【发布时间】:2017-06-07 21:40:51
【问题描述】:
我是 spark 新手,需要一些帮助来调试 spark 中非常慢的性能。 我正在做以下转换,它已经运行了 2 个多小时。
scala> val hiveContext = new org.apache.spark.sql.hive.HiveContext( sc )
hiveContext: org.apache.spark.sql.hive.HiveContext = org.apache.spark.sql.hive.HiveContext@2b33f7a0
scala> val t1_df = hiveContext.sql("select * from T1" )
scala> t1_df.registerTempTable( "T1" )
warning: there was one deprecation warning; re-run with -deprecation for details
scala> t1_df.count
17/06/07 07:26:51 WARN util.Utils: Truncated the string representation of a plan since it was too large. This behavior can be adjusted by setting 'spark.debug.maxToStringFields' in SparkEnv.conf.
res3: Long = 1732831
scala> val t1_df1 = t1_df.dropDuplicates( Array("c1","c2","c3", "c4" ))
scala> df1.registerTempTable( "ABC" )
warning: there was one deprecation warning; re-run with -deprecation for details
scala> hiveContext.sql( "select * from T1 where c1 not in ( select c1 from ABC )" ).count
[Stage 4:====================================================> (89 + 8) / 97]

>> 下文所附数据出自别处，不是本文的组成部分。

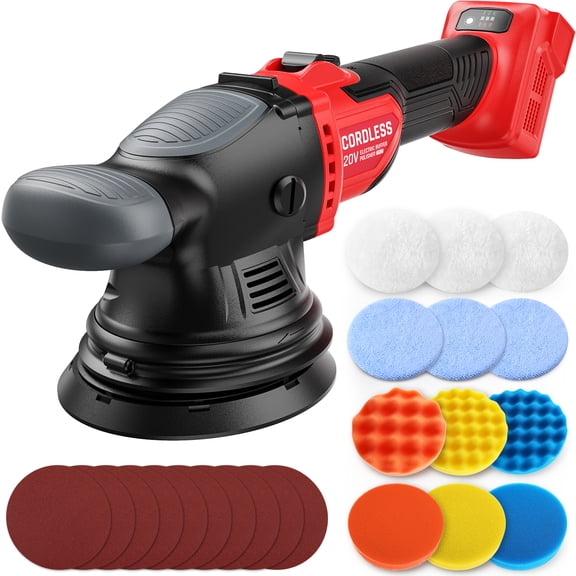 20V Cordless Buffer Polisher (Tool Only, Battery Not Included), 6-Speed Variable Speed 5000RPM Brushless Motor, 6 Inch Random Orbital Car Polisher with 22 Pads, Compatible with Milwaukee M18 Battery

我正在使用 spark2.1.0 并在 7 个节点的亚马逊 VM 集群上从 hive.2.1.1 读取数据,每个节点具有 250GB RAM 和 64 个虚拟内核。有了这个庞大的资源,我期待这个对 170 万个记录的简单查询能够飞起来,但它的速度非常慢。 任何指针都会有很大帮助。
更新: 添加解释计划:
scala> hiveContext.sql( "select * from T1 where c1 not in ( select c1 from ABC )" ).explain
== Physical Plan ==
BroadcastNestedLoopJoin BuildRight, LeftAnti, (isnull((c1#26 = c1#26#1398)) || (c1#26 = c1#26#1398))

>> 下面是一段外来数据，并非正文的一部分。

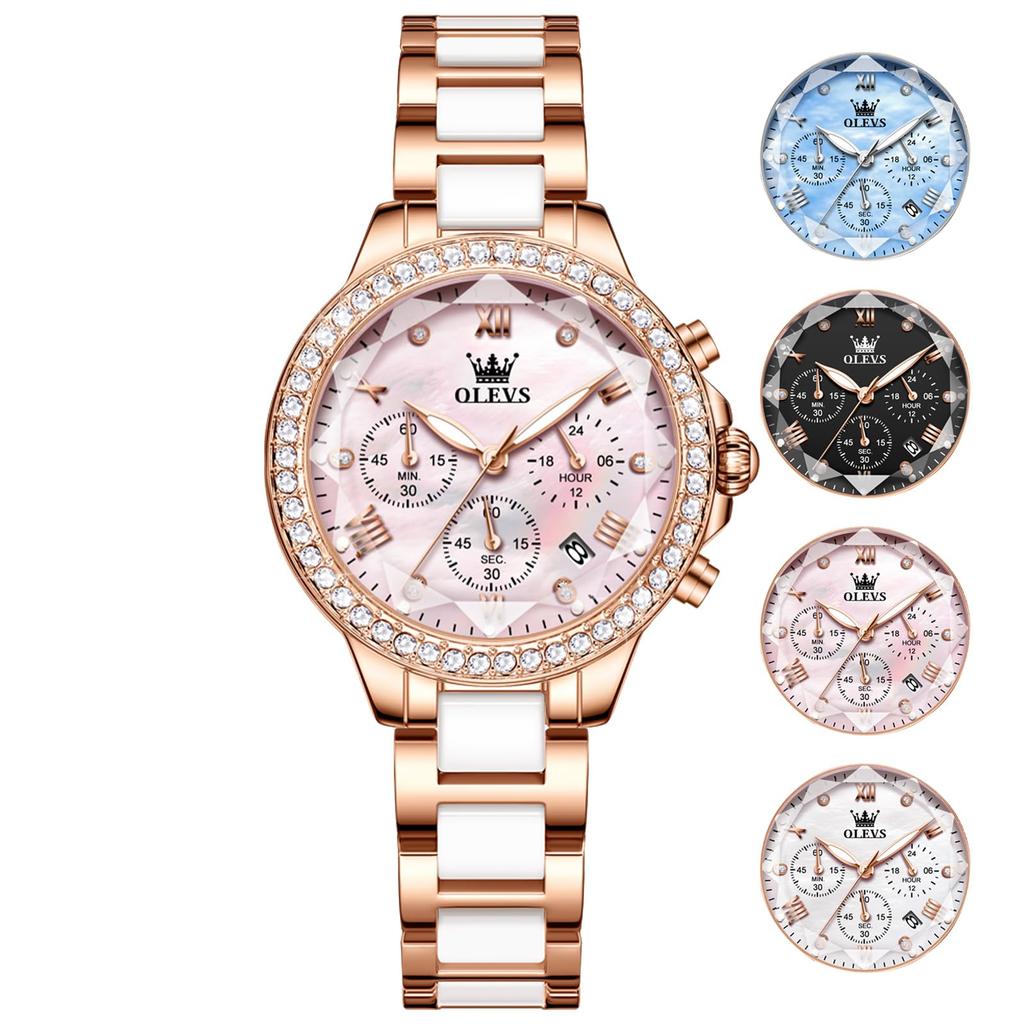 OLEVS Wasserdicht Beliebt Roségold Quarz Analog Stilvoll Business-Uhr mit Datum Rosa Rosa Damen-Uhr, Uhr, Zifferblatt, Leicht, Gold, Zifferblatt.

:- FileScan parquet default.t1_pq[cols
more fields] Batched: false, Format: Parquet, Location: InMemoryFileIndex[hdfs://<hostname>/user/hive/warehouse/atn_load_pq], PartitionFilters: [], PushedFilters: [], ReadSchema: struct<hdr_msg_src:string,hdr_recv_tsmp:timestamp,hdr_desk_id:string,execprc:string,dreg:string,c...
+- BroadcastExchange IdentityBroadcastMode
+- *HashAggregate(keys=[c1#26, c2#59, c3#60L, c4#82], functions=[])
+- Exchange hashpartitioning(c1#26, c2#59, c3#60L, c4#82, 200)
+- *HashAggregate(keys=[c1#26, c2#59, c3#60L, c4#82], functions=[])
+- *FileScan parquet default.atn_load_pq[c1#26,c2#59,c3#60L,c4#82] Batched: true, Format: Parquet, Location: InMemoryFileIndex[hdfs://<hostname>/user/hive/warehouse/atn_load_pq], PartitionFilters: [], PushedFilters: [], ReadSchema: struct<c1:string,c2:string,c3:bigint,c4:string>
【问题讨论】:
-
您分配了多少资源(
spark.executor.instances和spark.executor.cores),请确保您为这些设置输入了一些合理的数字。此外,查看 SparkUI 以检查作业/阶段是否具有足够的并行度。 -
你能为我们做一件事吗?使用此命令添加命令以显示物理计划:
hiveContext.sql( "select * from T1 where c1 not in ( select c1 from ABC )" ).explain() -
Thiago,添加了解释计划。
标签: performance apache-spark hive